Slash carbon emissions and improve energy efficiency
As part of the wider commitments set by the Schwarz Group, German international discount retail chain Lidl aims to reduce its CO2 emissions from its operations (Scope 1 & 2). Internationally, it will focus on slashing operational emissions by 80% (compared to 2019) by 2030 across the 32 countries it operates in.
To achieve this target and cut emissions across its store and distribution centers, it will incorporate solutions like solar panels in its new stores and will continue investing in refrigeration and lighting technologies to improve its energy efficiency.
In addition, the company that opened its 100th electric vehicle charging point earlier this year has committed to managing 350 EV charging points at all its stores by 2022.

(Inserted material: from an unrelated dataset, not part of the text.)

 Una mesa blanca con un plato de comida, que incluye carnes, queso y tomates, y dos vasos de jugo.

CEO at Lidl GB, Christian Härtnagel said that it is an important year in the battle against climate change and the company acknowledges its responsibility to limit its emissions to tackle this issue. “As part of the Schwarz Group, Lidl has a presence in 32 countries around the world and more than 310,000 employees globally,” he said in a statement. “We’re therefore one of Europe’s largest retail businesses and through these ambitious targets we hope to make a significant contribution by not only rapidly decarbonizing our own operations but also supporting our suppliers to do the same.”
Commit suppliers to set their own climate targets
To address Scope 3, representing 98% of all emissions, the company will compel suppliers (stands for 75 % of product-related scope 3 emissions) to make their own climate pledges based on the methodology provided by the Science Based Targets initiative by 2026.

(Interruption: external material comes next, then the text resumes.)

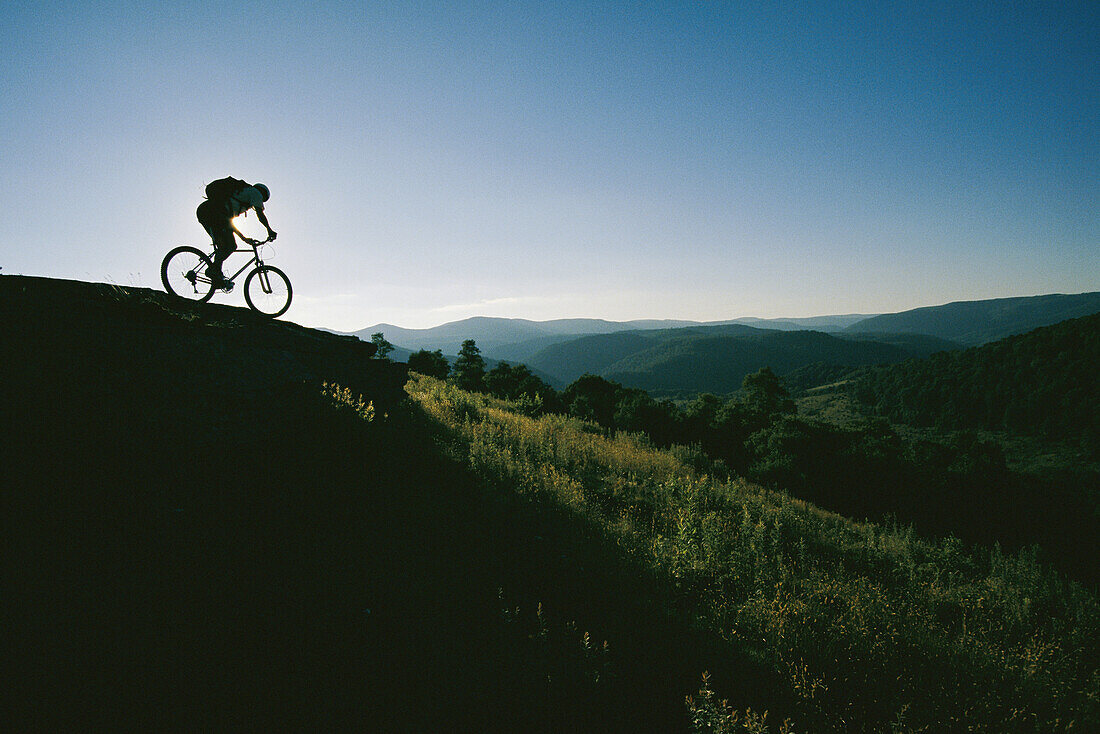 A mountain biker heads down a hill in Pocahontas County.; Pocahontas County, West Virginia.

Through an intensive supplier engagement and learning program, for instance, supporting farmers in the Lidl GB’s Grassroots program to analyze the carbon footprints of their businesses and accordingly draft plans to reduce it.
Härtnagel added: “As a discounter, it is ingrained in us to be constantly looking to maximize efficiency and reduce waste. Whether it’s how we heat and light our stores, or how we transport food from our suppliers to our warehouses, we are continuing to find ways to cut emissions across our business.”

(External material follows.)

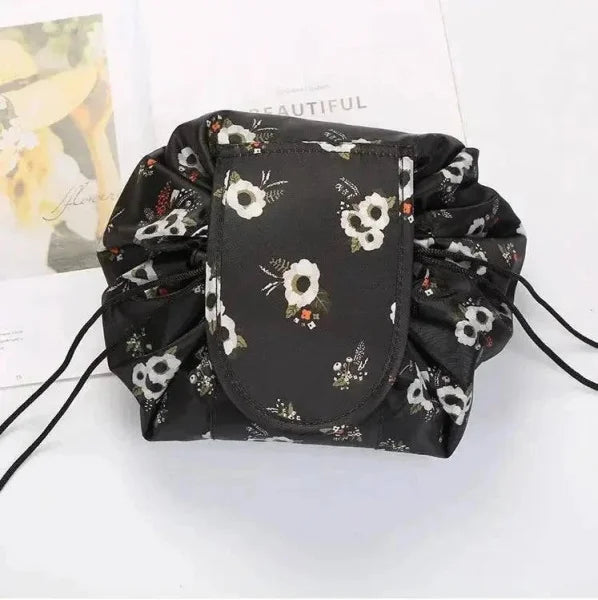 Black waterproof drawstring makeup organizer with white floral print for chic cosmetics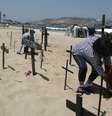 <p>Cruzes com nomes de v&iacute;timas da viol&ecirc;ncia na Venezuela s&atilde;o fixadas nas areias da praia em Puerto La Cruz</p>  Foto: Reuters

This is in line with the company’s existing agreements like its initiative with Wyke Farms to develop the U.K.’s first carbon-neutral cheddar by the end of 2021. It will further ban sales of peat available presently in its compost range from 2022, a target which is two years ahead of the U.K. government’s target to help restore peatlands in the country.
Leading companies in other sectors are also looking to reduce their carbon emissions. Coffee behemoth Starbucks is planning to shift its Japan operations to renewables and set up a recycling program. Elsewhere, luxury fashion house Burberry aims to become climate-positive by 2040, and Hong Kong’s flagship airline carrier Cathay Pacific commits to achieve net-zero emissions by 2050.